I’m not sure about the rest of you, but in High School, one of my AP literature courses required that we learn a portion of the prologue in Middle English. Now rather than delight you all with a ridiculous video of me reciting it (I can still do the first 10-15 lines or so from memory), you’ll just have to use your imagination.
I’m glad I revisited this as part of my Back to the Classics, Classics Club and Mount TBR challenges. The only part I actually recall reading in class was the prologue. I remember discussing a few of the tales, but we never actually had to read them which I think is strange. Before I start to sound too impressive I did read a translated version (with the Middle English on the facing page – see photo below) and this was not the complete collection. This version of the book only contained eight of the 24 completed tales in addition to the general prologue. Just from a brief glance here, they appear to be the longer/most completed of the Tales. If Chaucer completed the collection it would contain 120 tales two for each person, one to Canterbury and one on the return so I only really read a third of the completed tales and 20% of what would have been the complete collection.
Now I should probably feel guilty about reading the translation, but I don’t. I know my limits and I knew that it would drive me crazy to read the entire thing in Middle English. However, I did find myself often times switching back and forth between Middle and Modern English as the Modern did not have the cadence, rhyme scheme or wit than the Middle English did. On the whole I’m sure the translators did a great job, but so much, I feel, was lost in completely destroying those three aspects. The only other interesting fact of the physical book was that rather than having a numbered end note or footnote system, they were organized alphabetically based on the word which was closest to the asterisks I honestly didn’t think I would appreciate that, but as I read it was surprisingly easier than having to hunt for a number or chapter and then finding the footnote.
What I found most fascinating about reading this were how shocking some of the stories felt! I often times forget that the world wasn’t always as prudish as I think it has been. I guess it ebbs and flows based on the religiosity at the time. Or perhaps, being an American descendant of Puritans (or at least their thoughts and philosophy’s) these types of things just shock me a bit more than others. Within the eight tales there were stories of adultery, cuckoldry, prostitution, pre-marital sex and there was even a hint of a cross dresser in the prologue! I mean going in I assumed this would a chaste novel, I mean the number of religious pilgrims is pretty high and yet they were some of the worst in their comments and sexism (to be expected).

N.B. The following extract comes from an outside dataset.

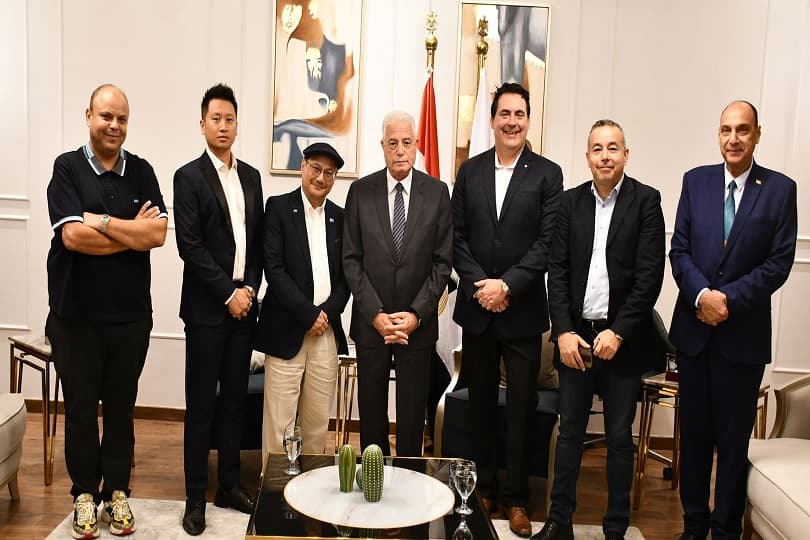 محافظ جنوب سيناء يبحث إقامة مهرجان غنائي عالمي بشرم الشيخ لتنشيط السياحة.. تفاصيل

The tales ranged in difference from classical love stories to open bawdiness and of all the stories, the Wife of Bath’s tale stood out. It stood out because the prologue was by far the longest of any and was easily two-to-three times longer than the tale itself. But what made it truly stand out was the frankness with which the narrator spoke about sex and her husbands and the fact that she was clearly a female empowerment figure and this was the 1400s! Her’s was a moral tale about how husbands should listen to their wives and if they don’t bad things will happen. I’m sure there are negative responses to her, like the fact that she used his physicality against him, but this was over 400 years ago and she was a strong female figure that had ideas of her own and shared them in a dominating way.
If there’s one thing I didn’t like it was that I didn’t have all of the completed tales. I mean how hard would it have been for Bantam to include the other tales especially with many of them being fragmentary one liners?
Recommendation: Definitely worth a read! Not only do you get a history lesson from the 1400s perspective, you also read about things you wouldn’t think you’d be reading about from a set of stories told over 600 years ago.
Opening Line: “Here bygynneth the Book of the tales of Caunterbury.”
Closing Line: Unwritten. No seriously, Chaucer never wrote the end.